Sipitang looks set to welcome it's honorable guest - Prime Minister, Dato Seri Najib Tun Abd Razak

This is the first ever visit by a Prime Minister; none of our previous Prime Ministers had ever visited Sipitang.

By Amde Sidik

Sipitang looks set to welcome it's honorable guest - Prime Minister, Dato Seri Najib Tun Abd Razak on 30 of July in conjunction with Sipitang's Gasing and Tamu Besar also known as Gata, a biennial feastivity since 2003.

This is the first ever visit by a Prime Minister; none of our previous Prime Ministers had ever visited Sipitang.

Sipitang, the durian town of Sabah, is also the gateway for people from Sarawak and Brunei to visit Sabah situated about 8 kilometers from the Sabah and Sarawak border.

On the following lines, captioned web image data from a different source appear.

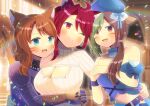  3girls :d ;) ahoge animal_ear_fluff animal_ears bangs bare_shoulders beret blue_bow blue_headwear blue_shirt blurry blurry_background blush bow breasts brown_hair cat_ears cleavage cleavage_cutout closed_mouth clothing_cutout collarbone commentary_request commission depth_of_field eyebrows_visible_through_hair final_fantasy final_fantasy_xiv girl_sandwich gloves green_eyes green_hair hair_over_one_eye hand_on_another&#039;s_hip hat head_tilt indoors juliet_sleeves kou_hiyoyo long_sleeves medium_breasts miqo&#039;te multicolored_hair multiple_girls one_eye_closed puffy_short_sleeves puffy_sleeves purple_gloves red_eyes red_hair ribbed_sweater sandwiched shirt short_sleeves skeb_commission smile sweater turtleneck turtleneck_sweater two-tone_hair upper_body white_sweater 
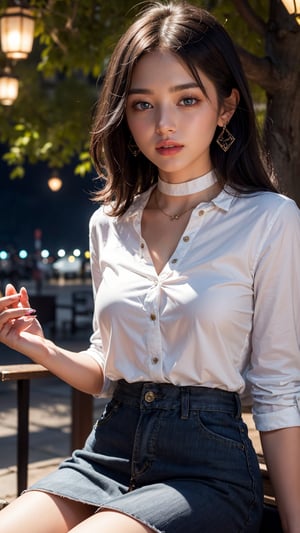 A stunning mature woman with shiny brown hair, short and styled to perfection, sits cross-legged on a vinyl sheet spread under a tree in a park at night. Her ultra-detailed eyes sparkle like fireworks illuminating the dark sky, where giant explosions of color fill the air. She wears an open office shirt, tight skirt, black choker, and earrings that catch the light of lanterns surrounding her. Her perfect hands hold a subtle pose as she gazes directly at the audience, her captivating brown eyes seeming to draw us in from below. A gentle blush rises to her cheeks, adding warmth to her already radiant smile.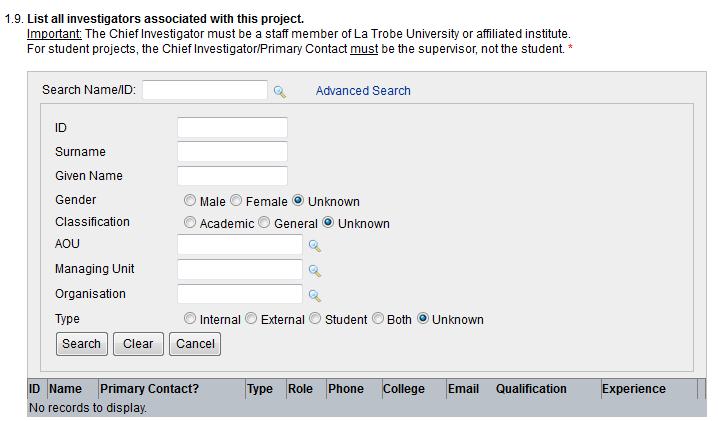 The Advanced Search option expands your selection and allows a more thorough and specific search.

The Prime Minister is expected to officiate a RM10 million Sipitang esplanade.

He would be in Sipitang town by noon traveling from Tenom via a new high road which takes less than 2 hours' driving from Tenom.

Sipitang has about 30,000 people. About 60% of Sipitang's population is made up of the Kadayan community; 30% is Lundayeh and Murut and the rest are Brunei, Chinese and others for 10%.

The main employment provider is a paper and pulp factory also called the Sabah Forest Industry which was set up during the Berjaya government in the 70's but sold to an Indian company in the year 2005.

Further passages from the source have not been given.